One reason people take cannabis while on Adderall is to balance out the negative setbacks of the prescribed pill while others use it to stay more alert and focused while taking marijuana. The known facts of mixing the two are not well-researched to the point of complete accuracy. What little is known is that mixing both can lead to increased heart rate, which can be dangerous, a sense of heightened euphoria, and lower levels of anxiety. Taking both marijuana and Adderall at the same time can be quite dangerous as THC may cancel the effects of Adderall, causing people to abuse it. This, in turn, can lead to long-term risks for the person.
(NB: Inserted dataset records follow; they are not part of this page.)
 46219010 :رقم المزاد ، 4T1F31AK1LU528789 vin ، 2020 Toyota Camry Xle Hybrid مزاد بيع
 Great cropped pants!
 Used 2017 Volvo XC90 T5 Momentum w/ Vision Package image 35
A recent debate asserts that meth and Adderall are quite similar. They both are similar in their effects. They both increase energy, enhance focus and concentration, and increase blood pressure, which causes a fast heart rate. If this is completely true, it’s safe to say that mixing both can result in an intensification of the side effects.
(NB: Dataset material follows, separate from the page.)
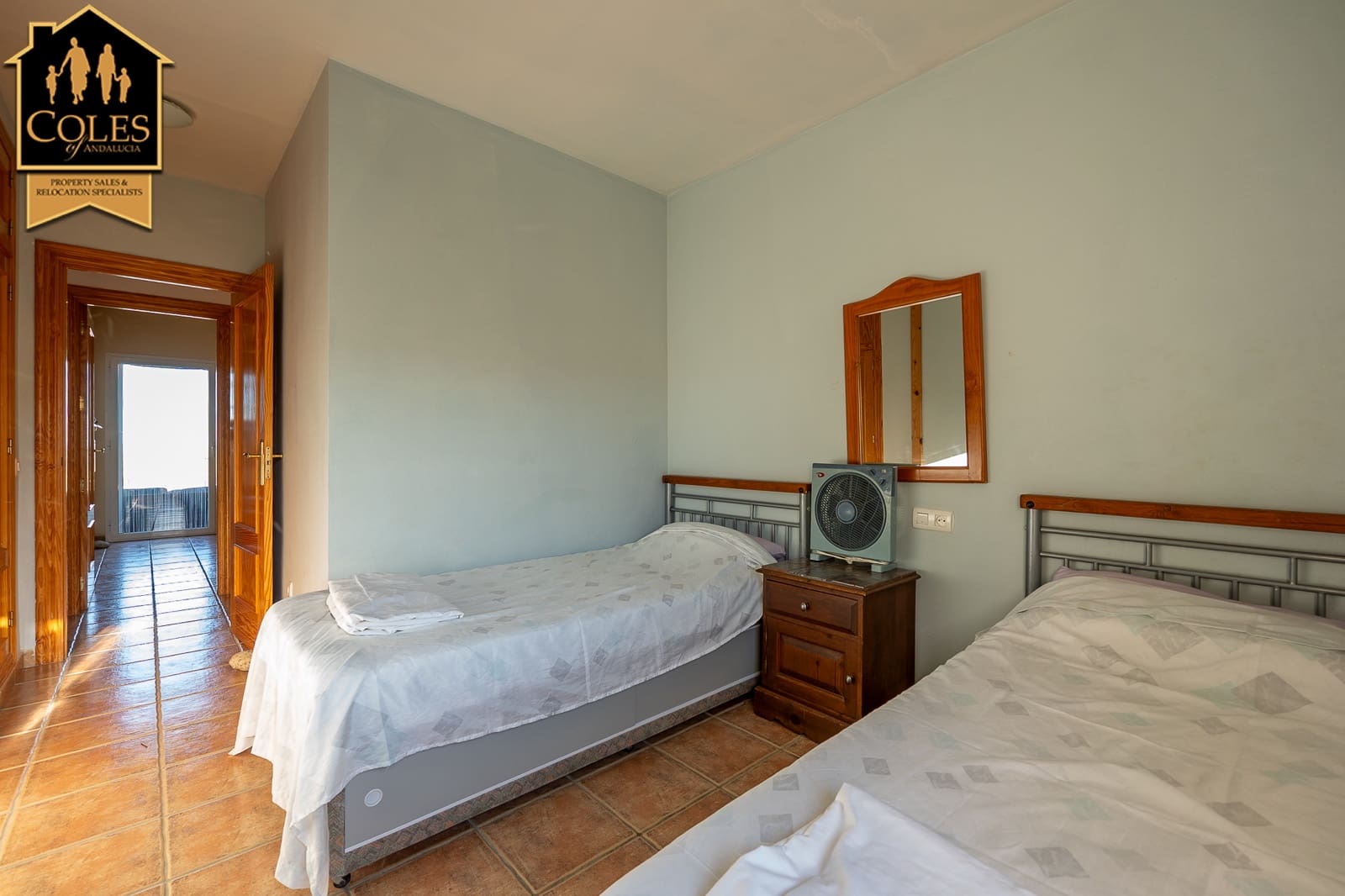 5 bedroom Villa for sale in Los Gallardos with pool - € 429,000 (Ref: 9635004)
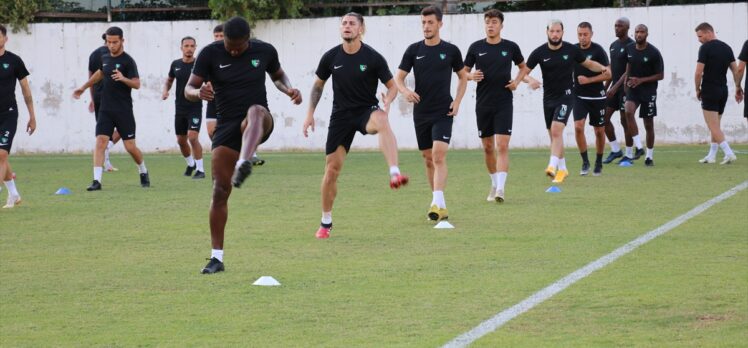 Denizlispor Teknik Direktörü Prosinecki: “1-2 pozisyonda daha arayışımız devam ediyor”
Withdrawal symptoms from Adderall alone are tiredness, sleeping disorders, mood swings, and depression. Withdrawal is an occurring thing after high doses are consumed for a long time. As the body becomes tolerant of the drug, patients tend to increase their intake. In many cases, varying in long-term use of high doses, people have suicidal thoughts, anxiety and irrational behavior. Mixing with distinct drugs while adopting each and every one of their side effects and withdrawal symptoms can become a nightmare for many users. The catch is that they’ll either intensify or turn deadly due to the overbearing chemical reactions it has in the body.
When a person has begun mixing different substances for a period, quitting abruptly is not a viable option. The negative short-term and long-term results are a trainwreck waiting to happen. Steering away from a drug is never an easy task. The number of chemical toxins, addictive behaviors, damage from substances, and other factors contributes negatively to anyone with an addiction. For this reason alone, people should seek proper detoxification treatment to help them.
Detox is the first and most crucial step for anyone searching for a way out of addiction. It lends a helping hand to a patient’s body as it helps both the mind and body recuperate over time.
Medical detoxification consists of a professionally trained medical staff and nurses who help guide patients into a more balanced reality. Doctors administer the proper medications necessary to help the withdrawal process be more pleasant without the harsh setbacks it normally comes with. In conjunction, other methods such as addiction therapy, attack the root of recurring addictive behaviors people often struggle to get rid of.
Overall, setting a goal in mind, which involves a drug-free future, requires the initial first step, detox. Without an efficient program, eradicating addiction is almost doomed to fail without the proper instruments at hand. For this reason alone, many people fall back into relapse or experiment with harder drugs.